But, I do know this, I will choose to thank Him anyway. Because I trust that no matter how He chooses to make us parents, we are still in the palm of His hand. He has not forgotten us and He will provide for us, every step of the way. Through this journey, we have been blessed by so many things that we might not otherwise have, things that I didn't yet know that I needed. We have been given a strong, solid marriage, cherished friends and loved ones that encourage and pray for us and a closer walk with the One that we cling to for the wisdom and strength that we are not capable of on our own.
It has taken me three years to get to a place where I once said that I would never, ever be. It is the place where I can sincerely say.....
Thank you Lord,
even if you "sayed" No.
12 comments:
Wow, Jennifer, your post is so powerful and a testimony to the fact that only the Lord can bring you to that place of faith and acceptance and trust. Thanks so much for sharing. He does have an amazing plan for you and Rusty, one that will glorify Him. And it is an honor to watch that plan unfold. :-)
God has "sayed no" many many times in my life. But He has never left me or forsaken me. His plan is perfect even if I don't understand it. Maybe it's age, maturity, or just not being as stubborn as I used to be, but I am also able to say Thank You even when He "sayed no"! Not always fun - but always a blessing. Praying for you and Rusty that God would reveal His plan for you both! Love you!
Mammy
I love this precious letter but even more than that, I love you. I am so glad you "sayed" yes to Rusty and to being my daughter-in-love.
I don't want to copy Ronda, but what she wrote is exactly what my response would have been.
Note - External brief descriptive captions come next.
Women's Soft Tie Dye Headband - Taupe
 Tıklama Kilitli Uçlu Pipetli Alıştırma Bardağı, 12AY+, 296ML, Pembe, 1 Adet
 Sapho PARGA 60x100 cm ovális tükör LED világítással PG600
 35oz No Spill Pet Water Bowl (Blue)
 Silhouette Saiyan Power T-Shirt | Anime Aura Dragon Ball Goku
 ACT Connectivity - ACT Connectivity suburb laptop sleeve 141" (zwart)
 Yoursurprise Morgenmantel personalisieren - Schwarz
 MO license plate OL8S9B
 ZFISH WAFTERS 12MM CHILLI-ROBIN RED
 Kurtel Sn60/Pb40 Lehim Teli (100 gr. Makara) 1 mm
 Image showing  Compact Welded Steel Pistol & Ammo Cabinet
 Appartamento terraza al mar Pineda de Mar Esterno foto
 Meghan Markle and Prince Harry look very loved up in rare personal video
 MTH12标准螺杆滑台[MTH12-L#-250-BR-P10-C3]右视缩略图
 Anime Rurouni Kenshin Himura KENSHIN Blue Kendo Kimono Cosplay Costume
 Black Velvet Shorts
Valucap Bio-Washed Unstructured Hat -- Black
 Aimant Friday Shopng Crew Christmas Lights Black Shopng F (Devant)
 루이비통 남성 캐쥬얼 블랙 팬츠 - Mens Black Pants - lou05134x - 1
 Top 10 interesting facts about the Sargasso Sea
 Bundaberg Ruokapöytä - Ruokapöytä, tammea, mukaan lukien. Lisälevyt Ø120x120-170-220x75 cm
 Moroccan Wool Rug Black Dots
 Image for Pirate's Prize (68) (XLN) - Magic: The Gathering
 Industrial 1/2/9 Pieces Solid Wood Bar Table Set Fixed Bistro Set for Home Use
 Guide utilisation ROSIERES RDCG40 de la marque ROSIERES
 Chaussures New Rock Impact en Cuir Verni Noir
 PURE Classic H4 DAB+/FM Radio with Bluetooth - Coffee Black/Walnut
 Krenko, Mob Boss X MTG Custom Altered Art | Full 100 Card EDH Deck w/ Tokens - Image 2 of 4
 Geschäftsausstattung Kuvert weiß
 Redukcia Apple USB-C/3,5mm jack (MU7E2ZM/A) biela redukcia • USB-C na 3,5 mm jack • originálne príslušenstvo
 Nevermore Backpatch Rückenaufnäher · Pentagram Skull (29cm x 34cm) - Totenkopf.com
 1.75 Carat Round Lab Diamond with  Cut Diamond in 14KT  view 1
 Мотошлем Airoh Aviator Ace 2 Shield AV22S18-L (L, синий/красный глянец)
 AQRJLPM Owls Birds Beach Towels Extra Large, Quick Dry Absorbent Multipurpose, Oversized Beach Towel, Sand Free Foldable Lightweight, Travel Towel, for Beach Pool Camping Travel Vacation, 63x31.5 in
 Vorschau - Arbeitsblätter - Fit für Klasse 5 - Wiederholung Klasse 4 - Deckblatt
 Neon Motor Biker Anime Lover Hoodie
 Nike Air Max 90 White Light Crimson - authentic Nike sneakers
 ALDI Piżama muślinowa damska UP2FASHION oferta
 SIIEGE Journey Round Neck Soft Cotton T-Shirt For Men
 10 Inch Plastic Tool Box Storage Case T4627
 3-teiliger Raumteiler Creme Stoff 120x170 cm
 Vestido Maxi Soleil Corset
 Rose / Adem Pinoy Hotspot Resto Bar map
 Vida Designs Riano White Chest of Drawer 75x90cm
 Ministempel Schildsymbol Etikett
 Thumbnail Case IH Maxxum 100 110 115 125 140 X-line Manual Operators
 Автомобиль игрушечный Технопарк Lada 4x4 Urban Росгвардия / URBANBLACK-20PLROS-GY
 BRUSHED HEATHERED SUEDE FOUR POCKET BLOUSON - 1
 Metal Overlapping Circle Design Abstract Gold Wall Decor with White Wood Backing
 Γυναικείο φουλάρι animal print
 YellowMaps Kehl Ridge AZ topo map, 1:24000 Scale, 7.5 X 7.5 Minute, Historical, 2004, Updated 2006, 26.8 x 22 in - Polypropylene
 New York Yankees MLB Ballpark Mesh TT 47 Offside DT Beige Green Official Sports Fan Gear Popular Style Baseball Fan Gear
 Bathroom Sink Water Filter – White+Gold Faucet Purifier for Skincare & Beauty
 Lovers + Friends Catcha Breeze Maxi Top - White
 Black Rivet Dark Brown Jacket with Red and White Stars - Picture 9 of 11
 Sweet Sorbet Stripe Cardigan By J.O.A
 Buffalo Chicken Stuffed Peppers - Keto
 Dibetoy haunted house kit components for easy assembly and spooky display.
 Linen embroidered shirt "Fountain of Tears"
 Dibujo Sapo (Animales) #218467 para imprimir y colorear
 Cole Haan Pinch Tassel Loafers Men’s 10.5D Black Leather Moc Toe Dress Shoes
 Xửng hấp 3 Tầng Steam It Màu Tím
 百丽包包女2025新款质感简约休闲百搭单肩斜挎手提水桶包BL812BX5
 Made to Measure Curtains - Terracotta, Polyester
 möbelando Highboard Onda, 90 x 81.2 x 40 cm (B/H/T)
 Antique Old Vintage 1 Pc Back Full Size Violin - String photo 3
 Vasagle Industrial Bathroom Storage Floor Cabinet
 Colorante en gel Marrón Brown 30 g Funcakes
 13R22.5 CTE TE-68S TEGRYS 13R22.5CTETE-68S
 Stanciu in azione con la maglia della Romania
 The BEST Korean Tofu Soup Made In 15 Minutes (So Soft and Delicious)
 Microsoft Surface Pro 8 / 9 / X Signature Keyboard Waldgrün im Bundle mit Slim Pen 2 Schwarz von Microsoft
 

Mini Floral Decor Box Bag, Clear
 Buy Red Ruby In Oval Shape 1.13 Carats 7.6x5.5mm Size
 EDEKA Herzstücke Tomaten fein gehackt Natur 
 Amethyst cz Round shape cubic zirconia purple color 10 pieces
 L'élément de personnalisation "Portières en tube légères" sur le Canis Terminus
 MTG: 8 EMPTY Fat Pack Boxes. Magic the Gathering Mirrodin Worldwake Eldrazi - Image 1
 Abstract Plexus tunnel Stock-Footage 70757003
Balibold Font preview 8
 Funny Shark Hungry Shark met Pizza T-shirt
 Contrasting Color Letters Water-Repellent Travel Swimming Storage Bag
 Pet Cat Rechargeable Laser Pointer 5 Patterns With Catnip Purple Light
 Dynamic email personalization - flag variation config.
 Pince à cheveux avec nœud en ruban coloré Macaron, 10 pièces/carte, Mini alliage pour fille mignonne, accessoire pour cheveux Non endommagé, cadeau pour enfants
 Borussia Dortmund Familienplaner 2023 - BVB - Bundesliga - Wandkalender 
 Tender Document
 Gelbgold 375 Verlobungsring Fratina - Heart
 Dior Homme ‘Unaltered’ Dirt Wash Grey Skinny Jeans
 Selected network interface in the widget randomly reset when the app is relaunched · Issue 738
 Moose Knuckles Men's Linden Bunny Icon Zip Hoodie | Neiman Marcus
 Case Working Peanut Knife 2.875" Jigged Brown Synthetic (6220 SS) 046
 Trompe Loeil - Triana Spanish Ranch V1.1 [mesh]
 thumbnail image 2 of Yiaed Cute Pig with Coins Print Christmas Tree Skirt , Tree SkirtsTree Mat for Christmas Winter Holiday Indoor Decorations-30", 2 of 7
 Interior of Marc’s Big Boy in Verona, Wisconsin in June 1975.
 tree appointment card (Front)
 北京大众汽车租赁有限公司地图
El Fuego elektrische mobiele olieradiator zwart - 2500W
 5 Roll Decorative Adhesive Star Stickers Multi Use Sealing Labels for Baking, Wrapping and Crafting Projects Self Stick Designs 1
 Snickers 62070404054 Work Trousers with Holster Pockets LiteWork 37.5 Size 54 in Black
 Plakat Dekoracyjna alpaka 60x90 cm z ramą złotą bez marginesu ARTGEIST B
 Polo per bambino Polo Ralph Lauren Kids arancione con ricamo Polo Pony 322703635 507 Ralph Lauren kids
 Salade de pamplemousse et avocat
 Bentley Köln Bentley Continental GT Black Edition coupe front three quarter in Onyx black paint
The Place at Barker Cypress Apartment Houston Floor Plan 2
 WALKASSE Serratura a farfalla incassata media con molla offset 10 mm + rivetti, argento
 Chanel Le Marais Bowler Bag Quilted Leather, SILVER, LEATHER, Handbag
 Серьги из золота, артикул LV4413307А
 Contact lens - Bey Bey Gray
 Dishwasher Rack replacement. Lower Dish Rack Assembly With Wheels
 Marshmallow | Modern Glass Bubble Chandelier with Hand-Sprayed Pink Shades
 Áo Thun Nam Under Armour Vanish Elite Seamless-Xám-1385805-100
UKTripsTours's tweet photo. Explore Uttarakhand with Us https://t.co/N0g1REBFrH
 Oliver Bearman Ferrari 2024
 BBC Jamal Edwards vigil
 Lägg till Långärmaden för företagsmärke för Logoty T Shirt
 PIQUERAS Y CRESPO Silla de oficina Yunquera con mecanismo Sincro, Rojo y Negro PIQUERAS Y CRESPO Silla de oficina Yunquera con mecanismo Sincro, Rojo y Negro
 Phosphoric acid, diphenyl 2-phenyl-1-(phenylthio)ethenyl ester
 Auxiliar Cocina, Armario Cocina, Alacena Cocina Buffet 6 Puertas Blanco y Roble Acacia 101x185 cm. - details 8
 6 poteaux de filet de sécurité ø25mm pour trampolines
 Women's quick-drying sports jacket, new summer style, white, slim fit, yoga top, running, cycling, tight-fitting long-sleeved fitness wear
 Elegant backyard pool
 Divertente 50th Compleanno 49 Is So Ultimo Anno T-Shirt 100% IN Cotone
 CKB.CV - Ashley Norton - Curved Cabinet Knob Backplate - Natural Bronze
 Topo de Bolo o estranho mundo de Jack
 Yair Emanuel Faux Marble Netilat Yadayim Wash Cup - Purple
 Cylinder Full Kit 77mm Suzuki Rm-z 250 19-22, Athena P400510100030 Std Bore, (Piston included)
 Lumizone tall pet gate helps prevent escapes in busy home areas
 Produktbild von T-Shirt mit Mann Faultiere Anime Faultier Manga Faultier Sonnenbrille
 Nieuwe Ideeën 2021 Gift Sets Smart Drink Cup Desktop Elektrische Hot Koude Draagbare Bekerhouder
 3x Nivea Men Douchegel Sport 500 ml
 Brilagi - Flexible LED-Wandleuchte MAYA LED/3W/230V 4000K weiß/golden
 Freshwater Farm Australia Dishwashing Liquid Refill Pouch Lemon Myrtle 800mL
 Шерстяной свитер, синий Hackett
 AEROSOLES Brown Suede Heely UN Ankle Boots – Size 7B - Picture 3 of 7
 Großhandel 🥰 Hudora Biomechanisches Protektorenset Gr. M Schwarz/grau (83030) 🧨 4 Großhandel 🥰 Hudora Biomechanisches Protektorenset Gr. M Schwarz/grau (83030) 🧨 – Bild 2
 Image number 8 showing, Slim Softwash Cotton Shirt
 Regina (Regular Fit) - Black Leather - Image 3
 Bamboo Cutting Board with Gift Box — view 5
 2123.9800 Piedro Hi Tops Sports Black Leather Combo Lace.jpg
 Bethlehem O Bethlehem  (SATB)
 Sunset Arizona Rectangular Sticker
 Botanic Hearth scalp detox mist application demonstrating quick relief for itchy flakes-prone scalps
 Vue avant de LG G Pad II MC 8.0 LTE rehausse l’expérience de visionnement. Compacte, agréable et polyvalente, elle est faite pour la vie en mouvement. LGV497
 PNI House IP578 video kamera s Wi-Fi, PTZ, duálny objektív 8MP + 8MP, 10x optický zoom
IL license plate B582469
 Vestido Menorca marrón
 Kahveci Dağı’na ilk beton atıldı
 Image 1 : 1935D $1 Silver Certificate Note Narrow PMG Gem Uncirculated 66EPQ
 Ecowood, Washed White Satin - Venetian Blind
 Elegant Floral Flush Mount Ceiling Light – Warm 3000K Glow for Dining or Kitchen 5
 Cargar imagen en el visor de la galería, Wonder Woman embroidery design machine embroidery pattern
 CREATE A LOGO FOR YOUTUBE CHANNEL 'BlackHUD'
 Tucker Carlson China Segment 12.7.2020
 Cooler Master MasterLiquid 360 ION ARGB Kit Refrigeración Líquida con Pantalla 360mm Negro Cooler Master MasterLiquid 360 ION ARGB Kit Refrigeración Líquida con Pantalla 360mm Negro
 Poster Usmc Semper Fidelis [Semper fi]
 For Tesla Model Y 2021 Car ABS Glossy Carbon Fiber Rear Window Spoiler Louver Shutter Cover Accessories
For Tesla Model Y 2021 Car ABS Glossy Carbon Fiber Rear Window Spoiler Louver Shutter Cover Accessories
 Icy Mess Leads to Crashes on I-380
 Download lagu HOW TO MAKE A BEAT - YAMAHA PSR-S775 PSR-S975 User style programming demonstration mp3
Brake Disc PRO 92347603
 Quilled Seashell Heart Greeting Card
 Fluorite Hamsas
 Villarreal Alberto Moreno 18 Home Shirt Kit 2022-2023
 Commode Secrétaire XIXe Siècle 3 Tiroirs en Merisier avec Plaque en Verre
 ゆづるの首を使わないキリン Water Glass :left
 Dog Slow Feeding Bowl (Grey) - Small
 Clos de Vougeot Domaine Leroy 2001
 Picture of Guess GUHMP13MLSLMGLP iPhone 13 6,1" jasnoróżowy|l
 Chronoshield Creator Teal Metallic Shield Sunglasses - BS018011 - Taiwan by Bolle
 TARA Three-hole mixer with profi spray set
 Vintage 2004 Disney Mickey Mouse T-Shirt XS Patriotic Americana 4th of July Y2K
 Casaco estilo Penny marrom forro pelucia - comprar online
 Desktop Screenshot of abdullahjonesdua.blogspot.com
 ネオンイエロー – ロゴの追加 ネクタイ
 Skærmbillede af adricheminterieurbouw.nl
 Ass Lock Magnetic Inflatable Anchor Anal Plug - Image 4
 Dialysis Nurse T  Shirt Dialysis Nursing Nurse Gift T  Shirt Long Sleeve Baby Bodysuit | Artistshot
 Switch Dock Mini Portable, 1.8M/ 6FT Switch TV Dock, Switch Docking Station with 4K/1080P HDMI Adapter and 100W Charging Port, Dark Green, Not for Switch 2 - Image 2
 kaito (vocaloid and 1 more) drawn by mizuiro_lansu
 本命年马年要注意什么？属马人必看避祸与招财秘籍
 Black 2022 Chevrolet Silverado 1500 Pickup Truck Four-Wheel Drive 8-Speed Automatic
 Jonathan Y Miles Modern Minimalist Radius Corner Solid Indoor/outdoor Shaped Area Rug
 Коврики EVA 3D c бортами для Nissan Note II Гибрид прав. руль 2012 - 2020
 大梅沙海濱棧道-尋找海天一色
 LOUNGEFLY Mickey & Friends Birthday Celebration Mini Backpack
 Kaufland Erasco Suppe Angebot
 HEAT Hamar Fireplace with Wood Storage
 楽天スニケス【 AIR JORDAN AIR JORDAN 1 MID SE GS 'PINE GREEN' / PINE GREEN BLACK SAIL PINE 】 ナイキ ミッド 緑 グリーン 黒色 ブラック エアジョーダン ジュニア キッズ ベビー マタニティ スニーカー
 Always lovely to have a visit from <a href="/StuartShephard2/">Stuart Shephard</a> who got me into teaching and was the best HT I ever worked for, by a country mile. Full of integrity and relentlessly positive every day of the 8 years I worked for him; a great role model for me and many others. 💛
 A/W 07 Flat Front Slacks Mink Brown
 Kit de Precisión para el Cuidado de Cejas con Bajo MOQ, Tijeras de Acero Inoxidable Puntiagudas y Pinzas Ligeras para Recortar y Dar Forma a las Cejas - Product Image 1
We love you!
What a strong testimony of faith!
You are such an inspiration to me. I am moved by your faith and strength. I pray for you and I pray that I can be more like you and remain faithful in the face of the adversities that we face in this life. I am blessed to know you and to call you friend.
Love you Jennifer! What an amazing example you are to me. May God continue to receive glory in everything.
I've been thinking about you a lot lately. I loved your post tonight. I, myself, have had to learn how to rest in the assurance that God's plan is far greater than mine. Though I often think my timing is just perfect, I can't see the future like He can. It is so hard to rest in that fact and I am so happy for you that you are able to say thank you Lord for whatever you have in store for me. I do think and pray for you often. Thanks for all the posts!
I believe!!!
That letter is heartbreaking. You are amazing. You are touching more lives than you know with your faith right now. Hang on guys. He is in control. Let him use you. You will be honored. Love you girl and miss you.
You're SO loved! Imagine if we think SO much of you, HOW MUCH MORE does Your creator have in store!!!! I can't wait to see HIS plan unfold for you!!! It's gonna ROCK you're world!-
How do you find these inspiring things that encourage and uplift me? Wow! That is a very wonderful blog and thanks for sharing it with us. Praying for you all the time. You are in my thoughts and heart.